Una tarde que caminaba en busca de trabajo me detuvo una gitana en medio de la calle y me dijo espantada: tienes mirada de cuchillo mi alma, de punta de pedernal. Da miedo mirarte. Desde ese día camino con la cabeza enterrada en los hombros mirándome la punta de los pies, yo no quiero herir a nadie.

  

Tengo treinta y cinco años, he intentado todos los trabajos que me permiten la ignorancia y el miedo, pero marcado por la inconstancia me veo obligado a dejarlos. Debo justificar mi existencia sin otra ilusión que continuar vivo, respirando, comiendo y necesito trabajar, confío en que algún día encontraré el trabajo que me acomoda, pero no tengo idea de cuál puede ser y hasta que lo encuentre seguiré dando tumbos.


Mientras otros buscan desesperadamente compañía, incluso, momentánea, fugaz y son capaces de pagar por ella para combatir el ensordecedor silencio que los abruma y no soportan, a mí, en cambio, me aterra la sola idea de compartir un momento con un desconocido, me sudan las manos,  intercambiar opiniones, o confesar alguno de mis recuerdos es un acto impensado.


Finalmente la suerte me sonríe y me ha permitido encontrar el puesto ideal para quien la soledad, el silencio, las sombras, la noche, son la única alternativa de vida posible.


Este empleo me permite estar a mis anchas, en mi elemento.

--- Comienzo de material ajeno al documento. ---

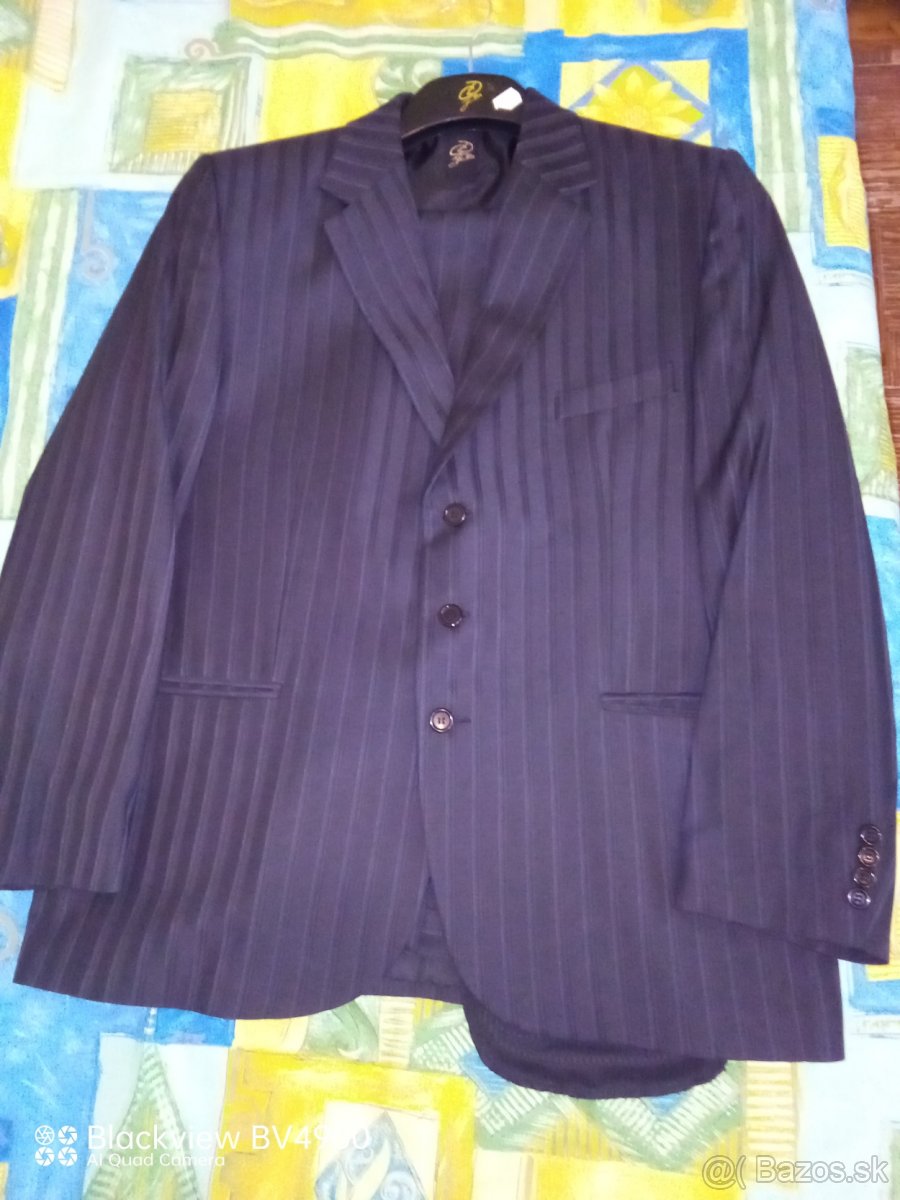 Pánsky oblek tmavosivej farby s pásikmi c 58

Me he convertido en recepcionista nocturno de un hotel para parejas ocasionales, las miro entrar con un destello lejano de esperanza reflejado en sus ojos, una emoción en el tono de la voz, pero al salir ese destello se ha apagado y en su lugar se ha pintado un enorme desamparo imposible de esconder. La emoción se ha convertido en desaliento, los arropa la pena y no pueden esconderla, ni ocultarla en el silencio.


Me mantengo despierto sin ningún esfuerzo durante toda la jornada, utilizo las palabras justas para entregar una llave de habitación y recibir el pago por el servicio de cobijo temporal, durante el día duermo en el mismo hotel, no tengo siquiera que salir a la calle a buscar lo que no se me ha perdido.